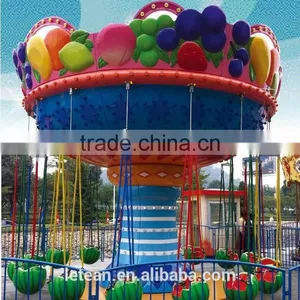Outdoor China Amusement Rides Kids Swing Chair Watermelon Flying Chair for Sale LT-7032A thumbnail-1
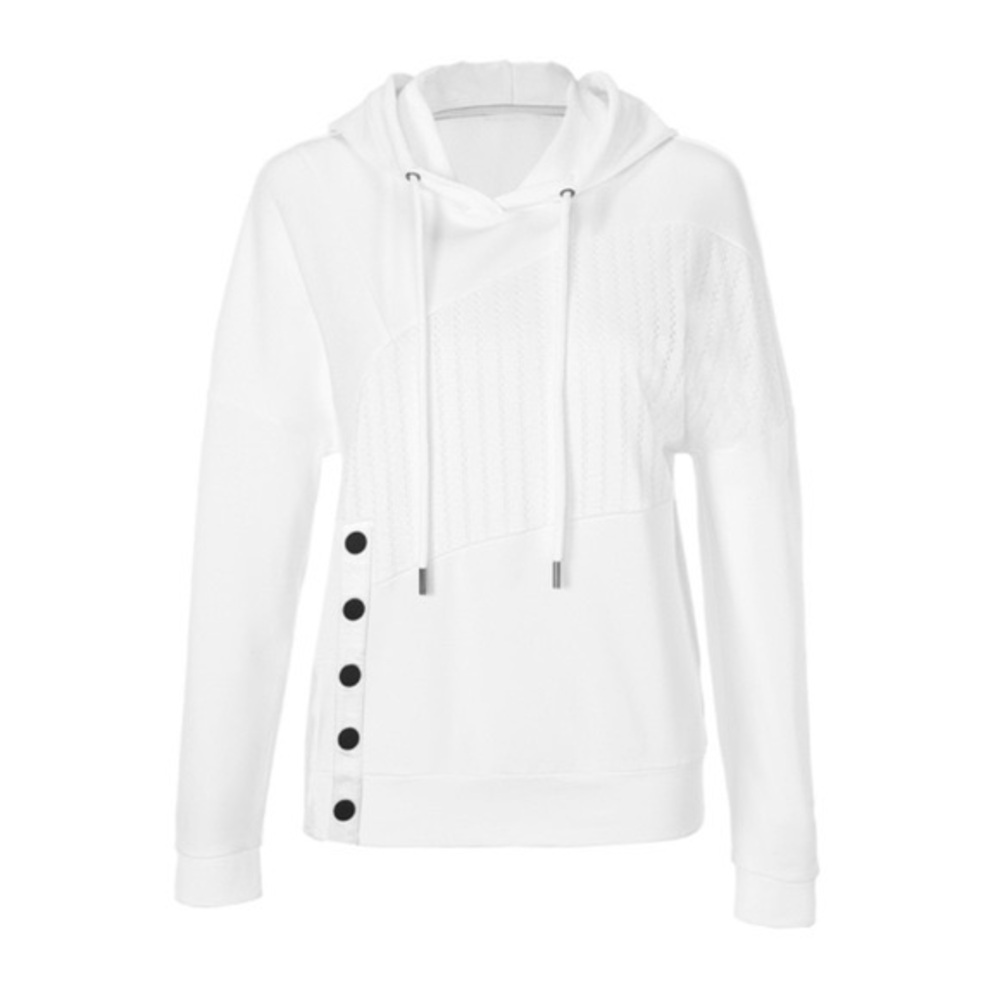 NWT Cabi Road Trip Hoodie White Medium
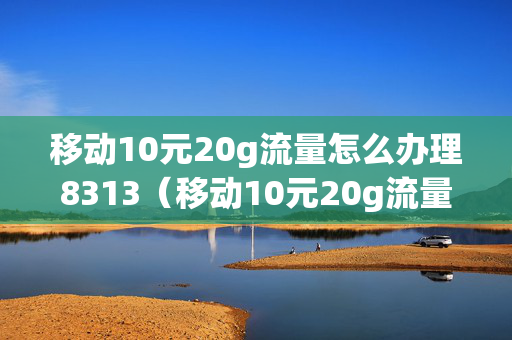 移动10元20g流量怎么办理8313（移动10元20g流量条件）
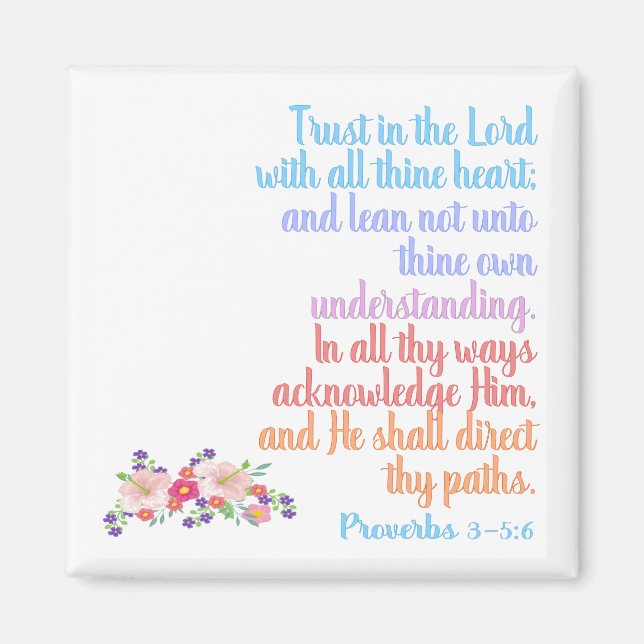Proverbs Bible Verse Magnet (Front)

[What you will do]:
Set the lines down exactly as they stand, from the one containing "NWT Cabi Road Trip Hoodie White Medium" through the end of the listing, omitting every picture.

[Output for this task]:
 NWT Cabi Road Trip Hoodie White Medium
 移动10元20g流量怎么办理8313（移动10元20g流量条件）
Proverbs Bible Verse Magnet (Front)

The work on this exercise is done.